== Task input ==
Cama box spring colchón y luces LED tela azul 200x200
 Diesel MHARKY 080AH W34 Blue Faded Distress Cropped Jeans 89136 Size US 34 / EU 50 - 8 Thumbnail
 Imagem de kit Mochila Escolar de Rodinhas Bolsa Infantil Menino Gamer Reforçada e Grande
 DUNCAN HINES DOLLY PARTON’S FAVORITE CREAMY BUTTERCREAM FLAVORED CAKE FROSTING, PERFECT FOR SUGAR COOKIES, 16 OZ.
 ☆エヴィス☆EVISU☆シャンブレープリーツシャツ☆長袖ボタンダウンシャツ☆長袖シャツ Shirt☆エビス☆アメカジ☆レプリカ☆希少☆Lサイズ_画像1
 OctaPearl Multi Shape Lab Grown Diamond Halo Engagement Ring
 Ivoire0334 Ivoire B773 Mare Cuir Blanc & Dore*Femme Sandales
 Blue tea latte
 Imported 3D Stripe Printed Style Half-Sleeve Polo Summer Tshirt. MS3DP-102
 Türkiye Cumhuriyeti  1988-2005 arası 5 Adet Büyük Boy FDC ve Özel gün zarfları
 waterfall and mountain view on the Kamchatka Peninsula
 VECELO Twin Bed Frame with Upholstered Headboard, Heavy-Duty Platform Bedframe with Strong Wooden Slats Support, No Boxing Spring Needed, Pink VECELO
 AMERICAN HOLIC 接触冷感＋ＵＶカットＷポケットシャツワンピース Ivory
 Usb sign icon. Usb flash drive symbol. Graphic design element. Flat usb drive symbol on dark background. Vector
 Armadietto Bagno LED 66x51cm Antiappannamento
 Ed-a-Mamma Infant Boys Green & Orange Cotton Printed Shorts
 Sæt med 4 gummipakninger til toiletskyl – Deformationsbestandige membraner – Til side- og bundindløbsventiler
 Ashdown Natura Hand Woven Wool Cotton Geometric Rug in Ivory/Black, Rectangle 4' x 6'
===
• **Problem**: Repeat the entries above exactly, beginning at their first line and ending with the line that contains "DUNCAN HINES DOLLY", with nothing added.

• **Answer box**:
Cama box spring colchón y luces LED tela azul 200x200
 Diesel MHARKY 080AH W34 Blue Faded Distress Cropped Jeans 89136 Size US 34 / EU 50 - 8 Thumbnail
 Imagem de kit Mochila Escolar de Rodinhas Bolsa Infantil Menino Gamer Reforçada e Grande
 DUNCAN HINES DOLLY PARTON’S FAVORITE CREAMY BUTTERCREAM FLAVORED CAKE FROSTING, PERFECT FOR SUGAR COOKIES, 16 OZ.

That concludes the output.